I have a set of Omni Step on my motorhome (Bessacarr 425), these usually retract back and a buzzer sounds when I turn on the ignition.
Recently these retract and buzzer function does not work. The step work normally when the main switch is operated but do not retract or the buzzer sound when the ignition of the engine is made. 
Has anyone come across this problem before? I have checked out the wiring diagram on the Omnistor web site and to me it looks like the fault could be with the switch or relay.
Omnistor web site doesn’t mention replacement parts for this switch or relay has anyone replaced these parts?
Does anyone know where the relay and buzzer are on a Bessacarr 425?

Many thanks 

Steven


----------



## 88915 (May 10, 2005)

*omnistor step buzzer*

the switch for the buzzer on my Pilote is in the step mechanism and is actuated mechanically by the step retracting - it is on if the step is down when the ignition is on, but switches off when the step goes up. Could be simply so filhy under there that it's clogged up - first port of call I would suggest is to clean up & follow the movement. If there's still a problem have the elctrics checked out.


----------



## 88741 (May 9, 2005)

I had the same fault on my Swift Sundance and the relay was burnt out evidently, it was changed under warranty. No idea where it is/was tho'.


----------



## Wiggy (May 22, 2005)

Hi Steve
I have the same system and have had the same problem on my Eura Mobil.
The problem was that the switch had becombe full of dirt & moisture preventing a good electrical contact.
The fix was easy pulled back the little rubber boot covering the switch on the step mechanism and gave it a clean then filled with grease to keep the moisture out.
All I do is keep it clean and topper up with a film of grease and it works 100% OK

Regards

Ralph


----------



## StevieR (May 15, 2005)

Thanks for the replies
I have checked the motor housing and the switch and they seem to be clean enough, I shorted out the switch and this should tell me that the switch is ok. My problem is now finding the relay and replacing it but I don’t know where it is. If anyone know where it is or know where I can get a replacement please get in touch.
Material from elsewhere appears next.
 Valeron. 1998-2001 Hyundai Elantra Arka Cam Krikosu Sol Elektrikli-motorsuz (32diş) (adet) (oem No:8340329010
I have looked on the Omnistor web pages and have contacted them about this and I am waiting for a reply.
Thanks again please keep them coming
Steven


----------



## StevieR (May 15, 2005)

Thanks for your replies I contacted Omnistor direct and they say that it was a relay problem I have since ordered a new part and I will fit it after I have checked to see if I have an underlying problem.
Many Thanks again
Steve


----------



## 90522 (May 1, 2005)

dont know if this will help but the relay for the step on our van which is a swift sundance 600s, is under the drawer behind the heater. 
I had the same fault when my grandson tried to retract the step while standing on it.
This popped the fuse which is located under the bonnet by the main battery.
Malcolm


----------